Frankly, I would also have an issue with the homeowners association if the paid assessment letter produced by the association and provided to your daughter at closing made no reference to the required work. Associations generally provide much useful information in these required documents and disclosure of work required to be completed would sure seem to me to be a good way to avoid this type of problem.

Q: Over time, "investors" have taken over the board of my homeowners association. This past week the board sent a letter stating they have received a Letter of Intent from an outside investor to buy all 10 buildings that make up our condominium community.

The board has told us there will be a vote because it believes the offer is a good one. The offer may be slightly above market but not by that much. We have been told a vote of 75% would be needed to proceed. I think the group of investors may be looking to cash out as they have purchased units when prices were much lower.

My concern is I have put a lot of money into my unit and I like it. I don't want to be kicked out of the unit I purchased (and thought I owned … until now). It would cost a great deal more to live anywhere else close by. I am a senior and will be retiring at the end of this year.

The reason I'm writing to you is to ask if everything I've described sounds legal. I don't believe that 75% of the owners will vote to sell this time. However, I'm wondering if you see any legal options that would prevent me from being forced out now or in the future.

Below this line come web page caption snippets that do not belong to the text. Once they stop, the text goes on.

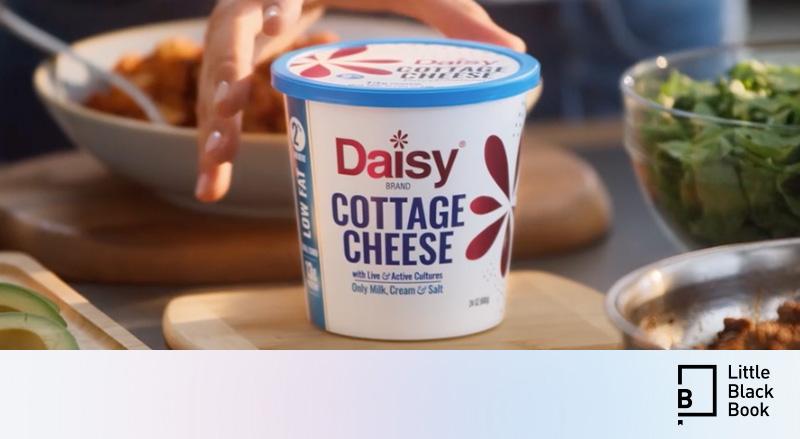 Daisy Cottage Cheese being placed on kitchen table.Little Black Book logo
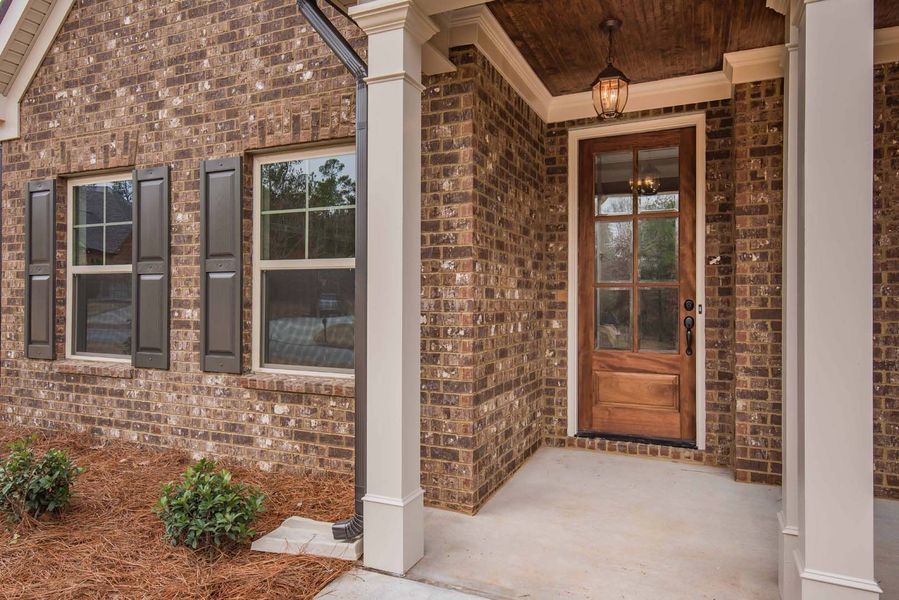 Brick house exterior with a wooden door, windows, and white columns.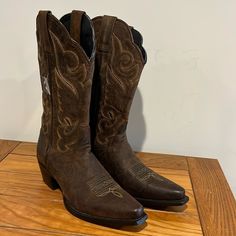 Quality Boots That Are New Without Box. Boots Are Lightweight And The Leather Is In Excellent Condition! The Last Picture Shows The Bottom Clean But The Sale Sticker Marking Shows. These Boots Have Never Been Worn And The Matching 9 B Tag Is Still On Both Boots. Leather Square Toe Heeled Boots For Western-themed Events, Leather Heeled Boots With Pointed Toe For Rodeo, Leather Mid-calf Boots With Stacked Heel For Western Events, Western Fall Boots With Heel Tab, Leather Western Heeled Boots With Almond Toe, Western Leather Heeled Boots With Almond Toe, Western Boots With Square Toe And Heel Pull Tab, Western Heeled Boots With Square Toe And Leather Sole, Leather Moto Boots With Pointed Toe For Western Events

A: In Illinois, an individual condominium owner may be forced to sell his or her property if at least 75% of the unit owners vote in favor of the sale of all units to a bulk sale purchaser.

There are two important exceptions. One, your condominium governing documents (Declaration of Condominium and bylaws) may provide otherwise. If your governing documents require 85% approval for passage, that would control. Two, the city of Chicago recently passed a local ordinance requiring 85% approval for most bulk condo sales. I would suggest speaking to a real estate attorney who regularly practices in the area of condominium law for further advice.